There is a lot happening in the world at the moment, including tensions within Europe that would lead few people to be confident that – in 2050 – the present political architecture of Europe would still exist. Germany coveted Ukraine in the first half of the twentieth century. Indeed, Germany occupied Ukraine in 1918 and in the middle years of World War Two. Will the second quarter of the twenty-first century once again see German control of Ukraine? I wouldn’t bet against it. I see a stronger belligerence today in Germany towards having influence in Ukraine than I see in any other western country.

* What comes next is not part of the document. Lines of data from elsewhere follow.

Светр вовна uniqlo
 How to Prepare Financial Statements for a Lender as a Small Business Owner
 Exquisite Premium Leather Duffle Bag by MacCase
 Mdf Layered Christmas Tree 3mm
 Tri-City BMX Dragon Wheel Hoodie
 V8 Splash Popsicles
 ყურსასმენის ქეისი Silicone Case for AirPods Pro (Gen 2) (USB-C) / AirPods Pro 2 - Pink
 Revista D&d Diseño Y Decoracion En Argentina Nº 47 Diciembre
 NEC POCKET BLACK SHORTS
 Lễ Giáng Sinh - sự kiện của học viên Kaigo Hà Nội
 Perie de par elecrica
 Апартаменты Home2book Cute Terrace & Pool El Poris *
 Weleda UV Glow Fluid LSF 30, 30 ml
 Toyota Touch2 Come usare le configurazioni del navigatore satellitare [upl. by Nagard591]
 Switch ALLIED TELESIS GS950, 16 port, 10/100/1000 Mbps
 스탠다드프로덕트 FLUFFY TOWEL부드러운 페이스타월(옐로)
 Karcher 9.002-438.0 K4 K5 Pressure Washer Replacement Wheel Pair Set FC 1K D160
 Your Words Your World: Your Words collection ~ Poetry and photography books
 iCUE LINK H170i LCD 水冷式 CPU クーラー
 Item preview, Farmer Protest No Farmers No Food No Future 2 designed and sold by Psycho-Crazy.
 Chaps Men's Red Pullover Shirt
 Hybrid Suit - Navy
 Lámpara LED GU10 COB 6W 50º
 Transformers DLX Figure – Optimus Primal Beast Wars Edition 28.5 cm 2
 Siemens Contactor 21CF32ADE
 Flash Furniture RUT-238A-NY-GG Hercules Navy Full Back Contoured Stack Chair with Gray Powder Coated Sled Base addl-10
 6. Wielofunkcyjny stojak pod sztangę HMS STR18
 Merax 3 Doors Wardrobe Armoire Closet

The biggest threat to peace is war; not Russia, not China, not Germany, not the United States of America, not Iran, not the hapless United Kingdom. Wars are a problem, not a solution.
The worst things happen during wars, or as a result of wars. There is one important exception. As we have seen, the Soviet Union – a Marxian ‘scientific utopia’ – destroyed many of its own people in the 1930s, in ‘peacetime’, and while the liberal world was looking the other way. Something similar, maybe worse, happened in China in the 1960s.
The lessons to learn are: avoid war, and the drum-beating that precedes it. And avoid technocratic utopian groupthink; avoid ideologies masquerading as science. The Nazi Hunger Plan was devised by an agronomist, Herbert Backe. War leads to such ideologies; and such ideologies lead to war.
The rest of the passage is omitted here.